COSENZA, ARCIDIOCESI DI

COSENZA, ARCIDIOCESI di. - C., antica metropoli
del Brutium, sulle estreme propaggini settentrionali
della Sila, alla confluenza del Crati col Busento,
domina la storica valle del Crati, teatro di memorandi
avvenimenti.

Prima della conquista romana mantenne il suo carattere originale contro il predominio ellenico, preponderante nelle città costiere. All'epoca romana, quantunque
tappa importantissima della via Popilia, ebbe scarsa
importanza. Nel medioevo fu lungamente contesa dai
Bizantini e dai Longobardi; ma riuscì a salvaguardare
il suo carattere latino. Con i Normanni comincia il suo
cammino ascensionale. Gli Svevi vi costruirono la grandiosa rocca federiciana sul colle S. Pancrazio. Dagli Angioini ebbe notevoli privilegi, accresciuti dagli Aragonesi.
Nel sec. XVI partecipò al movimento culturale europeo
con l'impulso che alcuni suoi uomini dettero all'Umanesimo.

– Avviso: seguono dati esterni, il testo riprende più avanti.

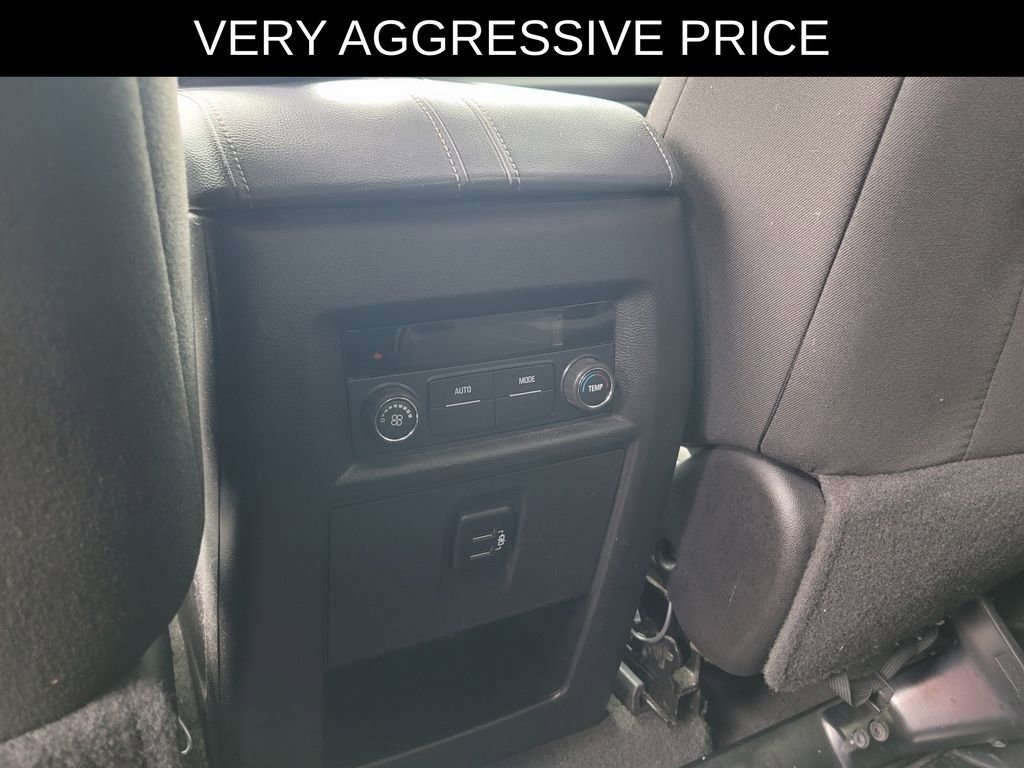 Used 2018 Chevrolet Traverse LT image 11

Vissero infatti in quel tempo Aulo Giano Parrasio,
fondatore dell'Accademia cosentina, Bernardino Telesio,
Bernardino e Coriolano Martirano, il card. Paolo Parisio,
Sertorio Quattromani, ecc.

Come diocesi C. è certamente tra le più antiche della
regione, anche se non si hanno argomenti per risalire
all'età apostolica o per giustificare le asserzioni degli
scrittori regionali, che le assegnano per primo vescovo
Suera, compagno di s. Stefano di Nicea, lasciato da s.

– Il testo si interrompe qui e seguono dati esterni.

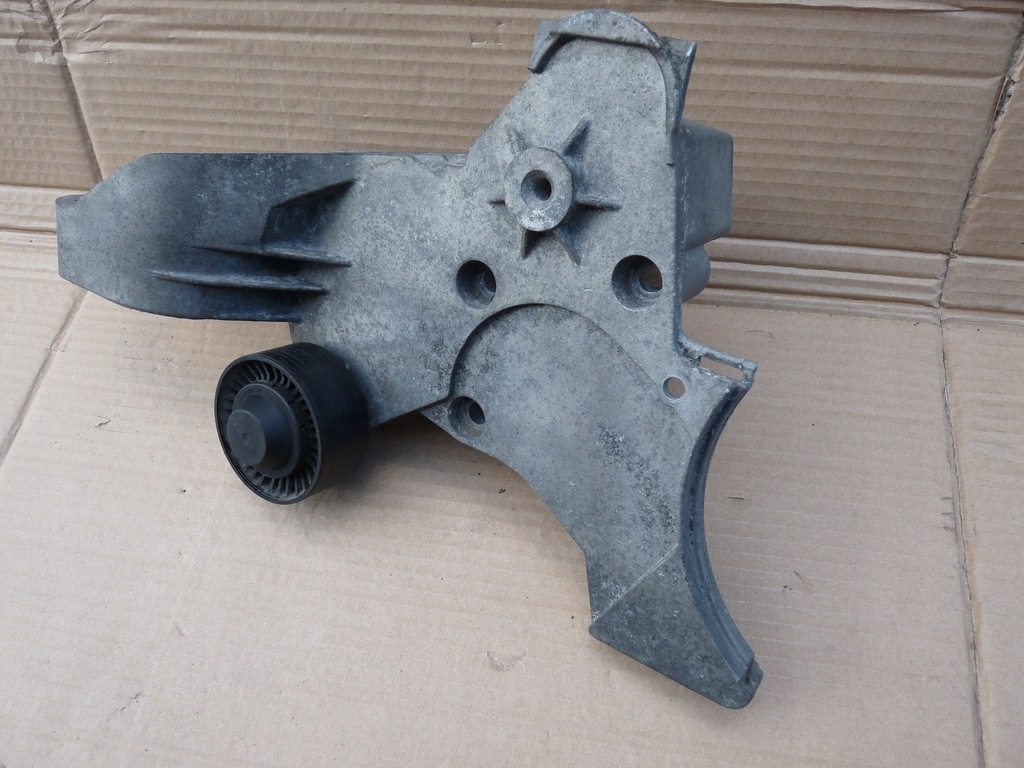 фото №6, A8 d3 4.2 кронштейн кронштейн кронштейн двигуна 077121235k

Paolo a Reggio. Non si hanno argomenti neppure per
riconoscerle uno dei due vescovi, Massimo e Severo
«episcopos per Bruttios», ai quali scrive Innocenzo I nel
416. Il primo vescovo di cui ricorre autenticamente il
nome verso la fine del sec. VI è Palumbo, ricordato tre
volte da s. Gregorio Magno.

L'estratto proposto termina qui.